A representative of ActionAid stated that the agreement “gives a free pass to the rich countries which have been extracting and polluting for over a century to continue producing oil and gas”.

Many climate activists held a symbolic “funeral for COP26” at the Glasgow cemetery to show their outrage.

Neutral observers believe that even with the latest pledges and commitments made in the Glasgow Climate Pact, emissions will continue to increase until 2030, whereas to have a chance of limiting warming to within 1.5 degrees, global emissions must halve by 2030 and reach “net zero” by 2050.

The current pledges mean that the average temperature will continue to rise by 2.7-degree Celsius by the end of the century.
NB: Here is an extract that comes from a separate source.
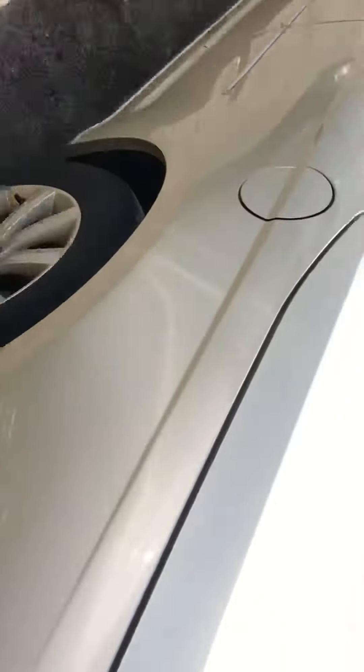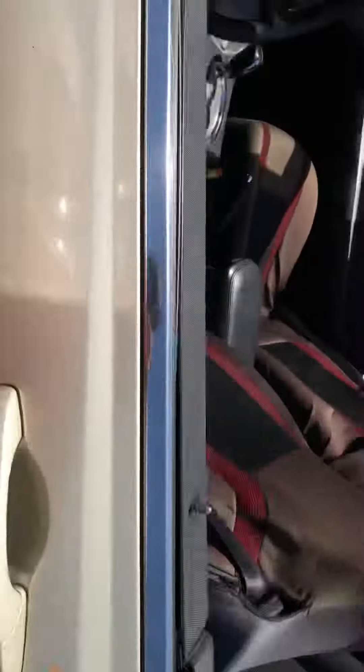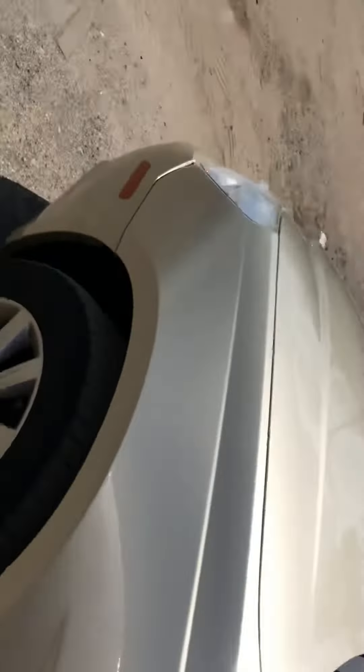Driver's side door is good. It has a little rust at the bottom. Fender is good.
Such an outcome would lead to catastrophic changes in the earth’s climate.

They were also dismayed that there was no clarity regarding meeting the financial commitment made by developed countries over a decade ago to provide $100 billion per year to developing economies by 2020.

How would the expected 2.7-degree rise in temperature impact Pakistan, already rated as the eighth most vulnerable country (Global Climate Risk Index 2021) to climate change?
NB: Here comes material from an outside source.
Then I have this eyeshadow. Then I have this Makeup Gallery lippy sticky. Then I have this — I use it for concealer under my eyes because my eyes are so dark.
Over the last two decades, due to extreme weather events, Pakistan is estimated to have suffered economic loss ranging from $1.3 billion (UNISDR) to $3.8 billion (Germanwatch) annually.

If the temperature rises by 2.7-degree Celsius, the implications for Pakistan would be dire. It is already a “water-stressed” country and will see severe droughts. There will be increased coastal erosion and seawater incursions.

Our major crops, such as cotton, wheat, sugarcane, maize, and rice may have up to 25% lower yields. Temperature rise will result in rapid glacial melting, and there may be more frequent floods with consequential human and economic losses.

Being in such a vulnerable situation, we should be more proactive. Although a very competent adviser to prime minister represented Pakistan at the conference, it would have been much better if Pakistan was also represented by its prime minister like dozens of other countries.

This would have given us access to bilateral meetings with several heads of states to apprise them of our financial needs, estimated at around $14 billion per year, to better adjust to the climate change.

A few countries were able to get individual pledges of financial assistance. For example, South Africa managed to get $8.5 billion from the US, EU and UK over the next three to five years to speed up the shift from coal.

Pakistan is highly dependent on fossil fuels. It needs similar investment to move from fossil fuels to renewables and hydroelectric power projects.

Our internationally acclaimed projects like the “Ten Billion Tree Tsunami” need technical and financial support to achieve their objective.

The global community made pledges amounting to $19.2 billion in public and private funding for ending deforestation and increasing forest cover.

Finally, Pakistan can use the awareness created by the conference to address its ever-rising levels of smog and city pollution urgently.

Pakistan was ranked at number two out of 106 countries for having the worst air quality in 2020.

According to the air quality and pollution city ranking data of November 18, 2021 released by IQAir, a global environmental think tank, Lahore is the most polluted city in the world, with the city’s Air Quality Index (AQI) standing at 372.

This pollution exacerbates health problems, including an increased rate of illness, diseases and mortality. A significant contributor is the transport sector.

Many major auto producers and world leaders have given ambitious time frames at the Glasgow summit to switch to electric vehicles. Pakistan is seriously lagging. We need to act urgently on all our environmental issues before it is too late.

The writer has served as Pakistan’s ambassador to WTO and FAO’s representative to the United Nations at Geneva


Published in The Express Tribune, November 22nd, 2021.